Ropp Patrick J, Spiegel Jacob O, Walker Jennifer L, Green Harrison, Morales Guillermo A, Milliken Katherine A, Ringe John J, Durrant Jacob D
Department of Biological Sciences, University of Pittsburgh, Pittsburgh, PA, 15260, USA.
Department of Chemistry and Chemical Biology, Indiana University-Purdue University Indianapolis, Indianapolis, IN, 46202, USA.
J Cheminform. 2019 May 24;11(1):34. doi: 10.1186/s13321-019-0358-3.

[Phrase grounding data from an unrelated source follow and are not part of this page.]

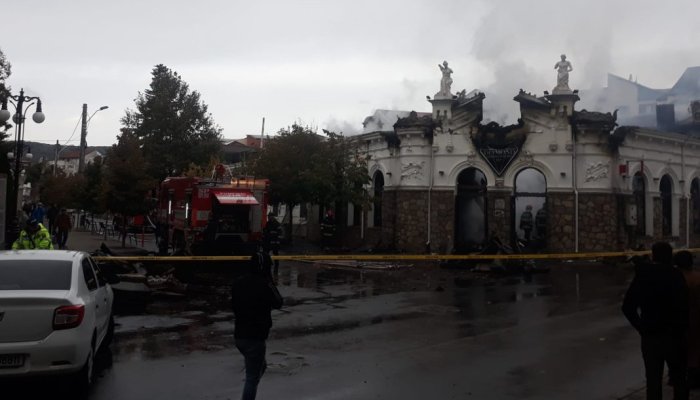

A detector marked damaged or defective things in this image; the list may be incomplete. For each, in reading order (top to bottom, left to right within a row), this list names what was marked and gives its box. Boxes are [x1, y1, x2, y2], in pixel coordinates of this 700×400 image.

burnt window opening [454, 168, 486, 250]
burned building [352, 59, 700, 253] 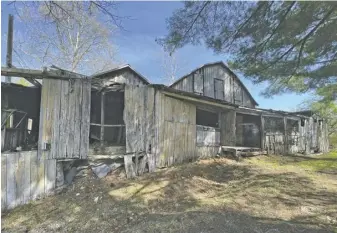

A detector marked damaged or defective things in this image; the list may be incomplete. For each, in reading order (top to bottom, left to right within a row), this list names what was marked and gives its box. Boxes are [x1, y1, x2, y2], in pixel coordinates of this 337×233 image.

broken window [194, 109, 218, 127] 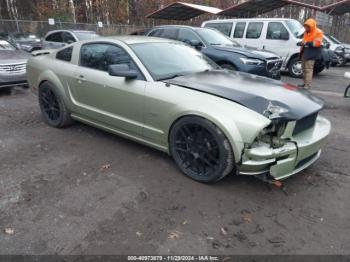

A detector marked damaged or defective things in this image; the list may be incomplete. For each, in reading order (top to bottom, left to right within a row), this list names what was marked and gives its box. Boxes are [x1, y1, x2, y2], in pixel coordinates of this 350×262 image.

damaged ford mustang [27, 36, 330, 183]
bent hood [164, 69, 322, 121]
crushed front bumper [238, 116, 330, 180] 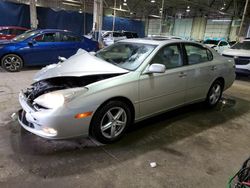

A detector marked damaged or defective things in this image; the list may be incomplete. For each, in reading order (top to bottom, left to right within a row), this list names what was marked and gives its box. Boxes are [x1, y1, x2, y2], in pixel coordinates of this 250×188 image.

crumpled hood [33, 48, 129, 81] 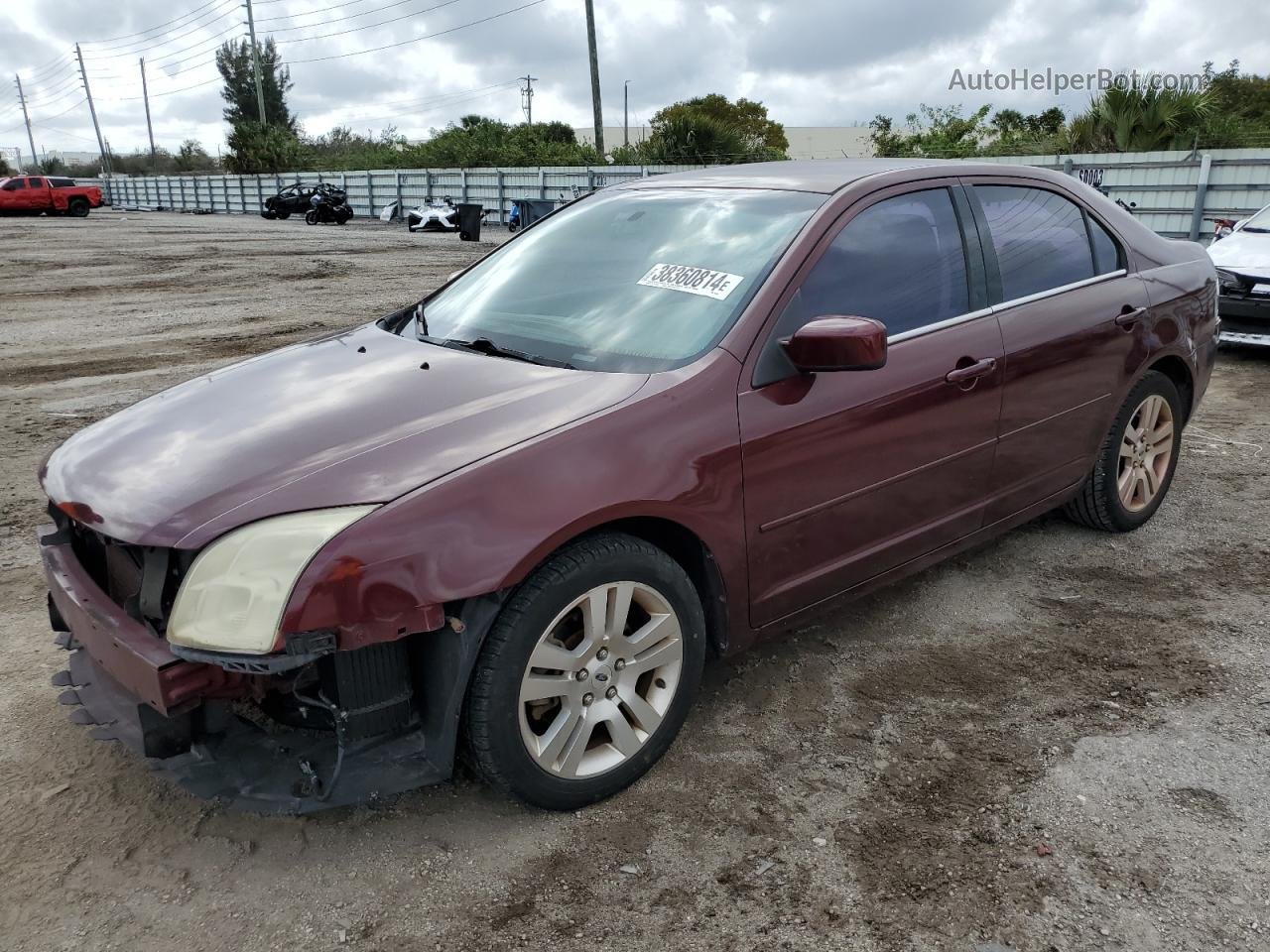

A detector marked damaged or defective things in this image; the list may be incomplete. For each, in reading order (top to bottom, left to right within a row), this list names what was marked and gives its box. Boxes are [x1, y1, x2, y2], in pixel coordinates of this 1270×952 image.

damaged front bumper [40, 525, 484, 817] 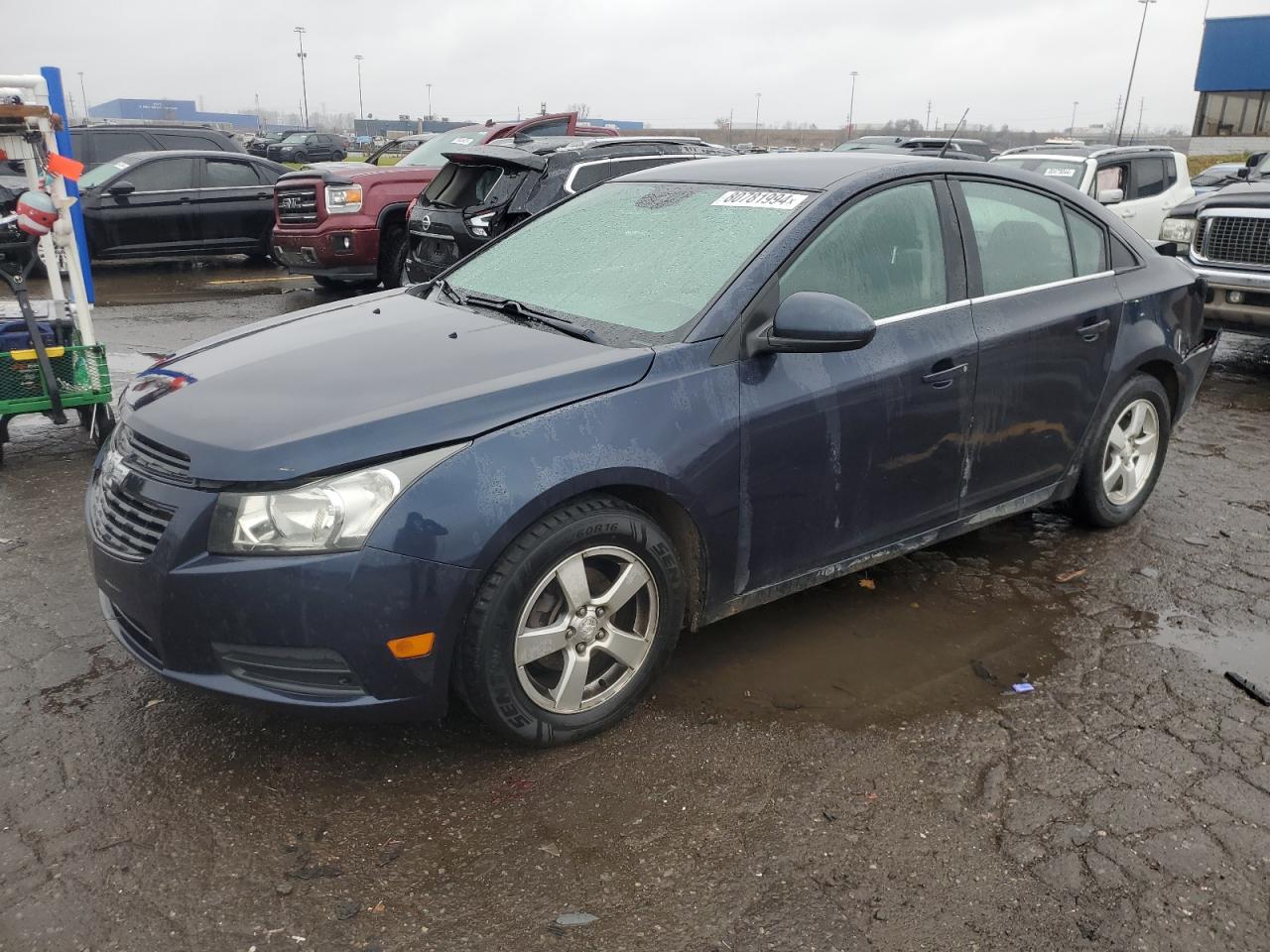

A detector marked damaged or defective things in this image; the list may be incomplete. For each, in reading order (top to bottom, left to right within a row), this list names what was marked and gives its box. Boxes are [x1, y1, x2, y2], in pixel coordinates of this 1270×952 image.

Computational techniques such as structure-based virtual screening require carefully prepared 3D models of potential small-molecule ligands. Though powerful, existing commercial programs for virtual-library preparation have restrictive and/or expensive licenses. Freely available alternatives, though often effective, do not fully account for all possible ionization, tautomeric, and ring-conformational variants. We here present Gypsum-DL, a free, robust open-source program that addresses these challenges. As input, Gypsum-DL accepts virtual compound libraries in SMILES or flat SDF formats. For each molecule in the virtual library, it enumerates appropriate ionization, tautomeric, chiral, cis/trans isomeric, and ring-conformational forms. As output, Gypsum-DL produces an SDF file containing each molecular form, with 3D coordinates assigned. To demonstrate its utility, we processed 1558 molecules taken from the NCI Diversity Set VI and 56,608 molecules taken from a Distributed Drug Discovery (D3) combinatorial virtual library. We also used 4463 high-quality protein-ligand complexes from the PDBBind database to show that Gypsum-DL processing can improve virtual-screening pose prediction. Gypsum-DL is available free of charge under the terms of the Apache License, Version 2.0.
诸如基于结构的虚拟筛选等计算技术需要精心准备潜在小分子配体的3D模型。尽管功能强大,但现有的用于虚拟库制备的商业程序具有限制性和/或昂贵的许可证。免费的替代方案虽然通常有效,但并未充分考虑所有可能的离子化、互变异构和环构象变体。我们在此介绍Gypsum-DL,这是一个免费、强大的开源程序,可应对这些挑战。作为输入,Gypsum-DL接受SMILES或平面SDF格式的虚拟化合物库。对于虚拟库中的每个分子,它会枚举适当的离子化、互变异构、手性、顺式/反式异构和环构象形式。作为输出,Gypsum-DL生成一个包含每种分子形式的SDF文件,并分配了3D坐标。为了证明其效用,我们处理了取自NCI多样性集VI的1558个分子和取自分布式药物发现(D3)组合虚拟库的56608个分子。我们还使用了来自PDBBind数据库的4463个高质量蛋白质-配体复合物来表明Gypsum-DL处理可以改善虚拟筛选姿势预测。Gypsum-DL可根据Apache许可证2.0版免费获得。